As an intern, thrown headlong into unglamorous but crucial drudgery, one tends to acquire by osmosis all manner of banal trivia and curiosa.
This mostly involves coffee preferences and food allergies, but it can extend to otherwise pointless technical ephemera … such as the cost and practicality of internet-based media delivery technologies.
Glen Frost’s suggestion that the ABC could withstand a 25% cut based on the cost of transmission is neat, plausible — and wrong. It’s also a fundamentally illogical way to bust the “myth” that the ABC needs more funding.
The ABC’s transmission costs of just under $200 million (2013 figures) are fully funded by the government, and regarded as non-discretionary. It’s highly unlikely that any savings in transmission would flow into base funding, of which only a proportion is programming. Government would snap that up in a jiffy.
While cuts to transmission costs won’t satisfy the ABC’s hunger for base funding, they might satisfy government bloodlust for broader cuts, which in turn may provide some form of moral protection for existing base funding.

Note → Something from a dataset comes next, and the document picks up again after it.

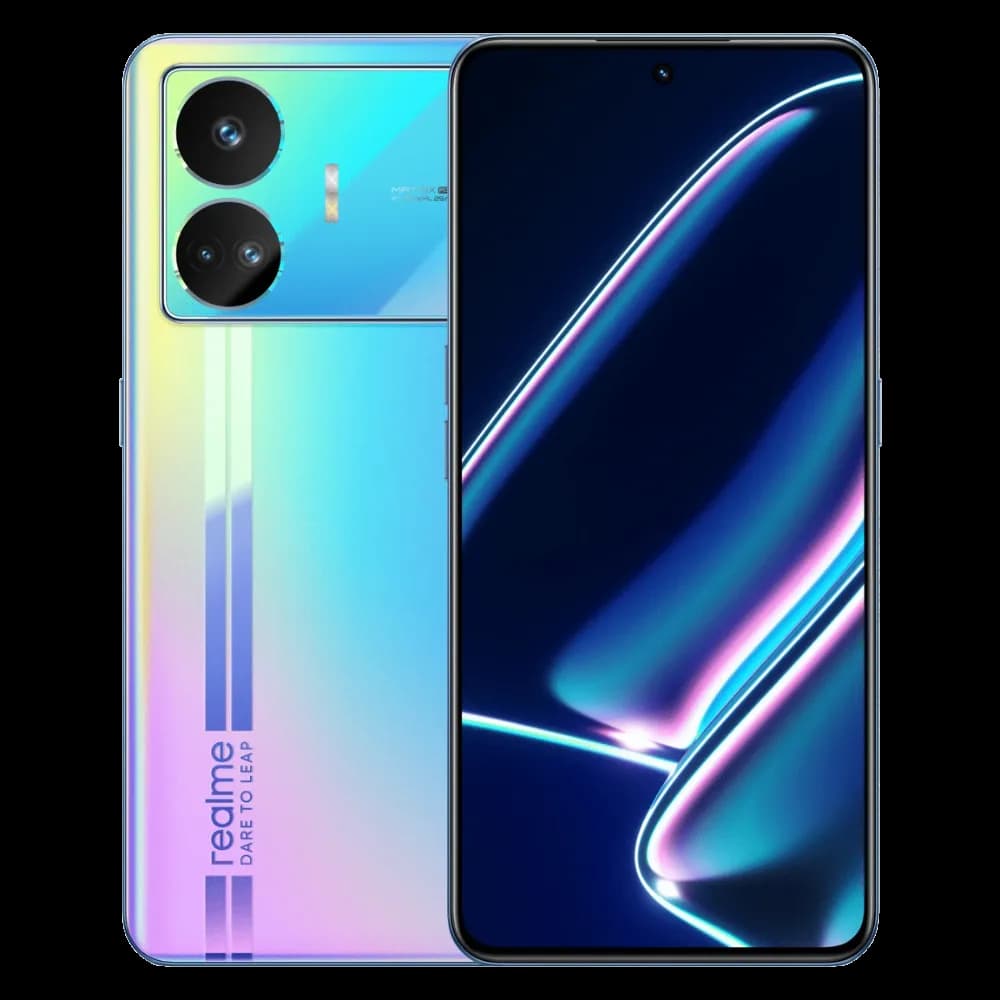 Realme GT Neo 5 SE - Image 1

But how much will Frost’s magic internet pixie dust help? Can it, as he suggests, cut 100% of the transmission costs, allowing a 25% cut to the ABC budget? Of course not.
As Big Bear (managing director Mark Scott) has stated, “there is no marginal cost in extra TV or radio viewers, but each extra online user does mean an additional cost”.
Let’s put some numbers on that. At $200 million per annum for transmission, an ABC “broadcast hour” costs about $22,800. That’s everything — multiple television channels, all of radio, across the entire country — regardless of the number of viewers or listeners. At iView quality, the ABC News/7.30 hour weighs in at 278 megabytes, or about a third of what you can fit on a CD-ROM. Based on Glenn Dyer’s TV ratings report for Monday, more than 1 million viewers watching that hour of television would require the transfer of 327 terabytes over the internet.
Pricing that is difficult. ABC uses the eye-wateringly expensive Akamai for content distribution, and those numbers are not publicly available. The ABC could spend big on its own data networks and peering, but that would come with all manner of additional costs.
For the purpose of this exercise, I’ll use the relatively inexpensive Amazon Web Services price for data transfer, as it’s publicly available and a handy competitive guide. At AWS prices, the online-only ABC News/7.30 hour would cost about $50,000, more than double the cost of broadcast transmission. You can double it again if you want a viewing experience approaching broadcast television quality.
Now, it’s true that not every hour of ABC television has more than 1 million viewers. But even an average of 100,000 viewers for every hour of the year, at iView quality, would cost double that of broadcast transmission.
What of Frost’s suggestion that the ABC put everything on YouTube? Google is an advertising company, not a charity. It may well be a more ferocious enemy of public broadcasting than Murdoch.
There are opportunities to cut the transmission costs of the ABC and SBS, but naive calls to put everything online don’t solve real problems for the ABC, the government, or most importantly, the audience.
As previous reviews have shown, the ABC operates with the efficiency of a marathon runner: it gets the job done, but is eating away at itself in the process.
If we want our ABC to be sustainably creative, innovative, and capable, it deserves more funding.